We’ve all heard those words, but who comes up with the plan and procedure that follows? Who determines the best way to respond to trouble? That’s the task of Rio Blanco County Emergency Manager Ty Gates: planning ahead so the county is prepared when trouble comes along.
“I have always been interested in helping people and love having this role in my hometown community. I like coordinating and helping all the agencies come together and work together toward one common goal,” Gates said via email.
Gates, a Meeker High School alumnus and graduate of John Brown University in Arkansas, is coming up on his second anniversary as the county’s emergency manager in January. Before taking on this role, he worked for the Rio Blanco County Sheriff’s Office.
“As the county emergency manager, I am responsible for writing emergency plans, coordinating agencies in an emergency, planning and putting on various exercises for the first responders and for private industry,” Gates said via email.
These “exercises” could be compared to extremely complex fire drills. Many different groups and individuals work together on a simulated emergency event for the purpose of testing equipment, personnel and procedures—before an actual emergency occurs.
“I don’t think people really know what I do and I would like to reach out to the community and let them know I am here to support them, as well as including any special needs training or training in general for the public,” Gates said.

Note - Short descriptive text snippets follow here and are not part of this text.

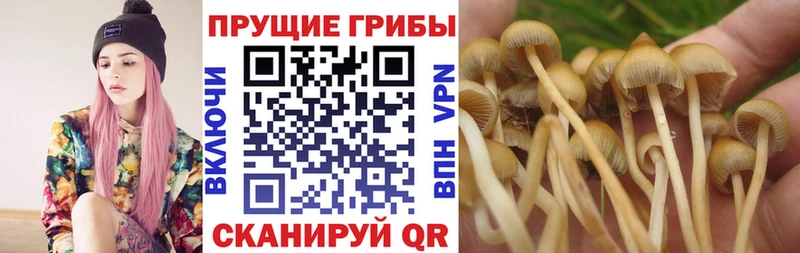 Псилоцибиновые грибы GOLDEN TEACHER  Сурск 
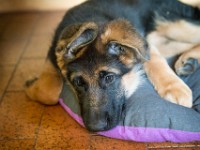 020718 ORA  GIL5242 : 02 JUILLET 2018, 2018, BERGER ALLEMAND, CHIOT, ORA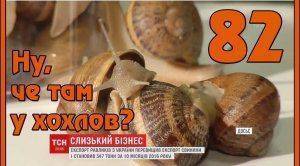 Ну, чё там у хохлов? Выпуск 82. Зрада 2017. Сало из Германии. Снегири-оккупанты во Львове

To prepare for his position, Gates attended the Homeland Security Office of Emergency Management (Colorado) EM Academy after completing the Peace Officer Standards and Training (POST) Academy. He is currently training as a Type 3 Planning Section Chief for Incident Command, and has taken more than 20 Incident Command System classes, along with other training. In addition, Gates volunteers with Meeker Fire and Rescue, is a member of the search and rescue team, a reserve deputy with the sheriff’s office and is qualified to fight wildland fires on federal lands.
In the last two years he has been involved in a number of wildland firefighting missions, search and rescue operations, and the Strawberry Creek fire that threatened two houses and destroyed some outbuildings and vehicles.

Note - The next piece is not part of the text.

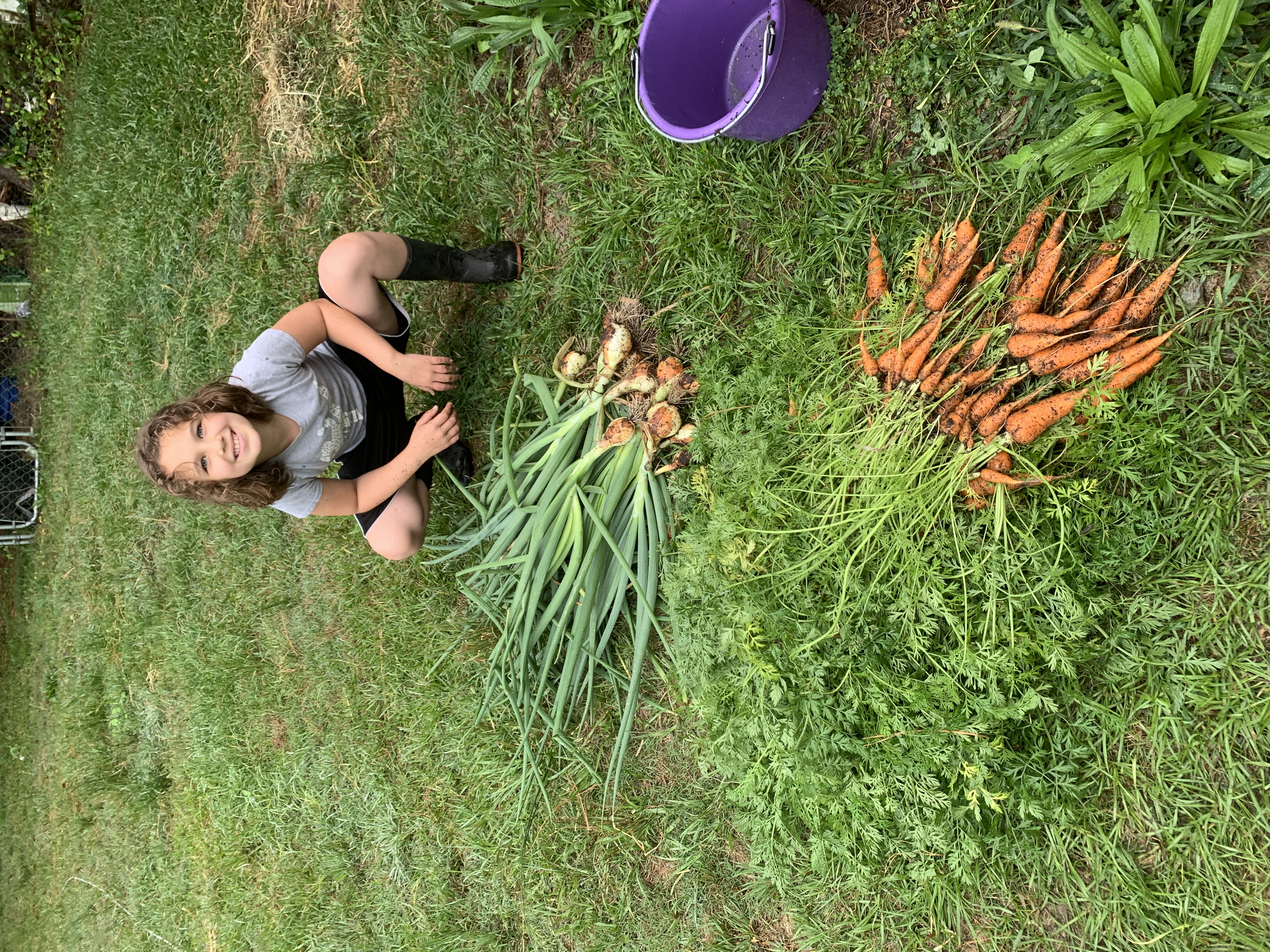 Garden Update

He’s currently planning a “full-scale” exercise to be held in May that will involve the Sheriff’s Office, Meeker Fire and Rescue, BLM Fire and Law Enforcement, Colorado Parks and Wildlife, Colorado River Fire and Rescue out of Rifle, Classic Air Medical, CareFLIGHT, Enterprise Products, Meeker Gas Plant, Williams Willow Creek Plant and the Kinder Morgan Compressor station, as well as many others. There will be a functional exercise (like a practice run) to prepare for the full-scale exercise held at the Fairfield Center in Meeker on Dec. 6.
Gates, who is a sixth generation rancher, and his wife Rachel own and operate 5280 Meat and are the parents of two boys, ages 6 and 10.
“I enjoy my job and thank God every day I get to do what I do for my town and community,” Gates said.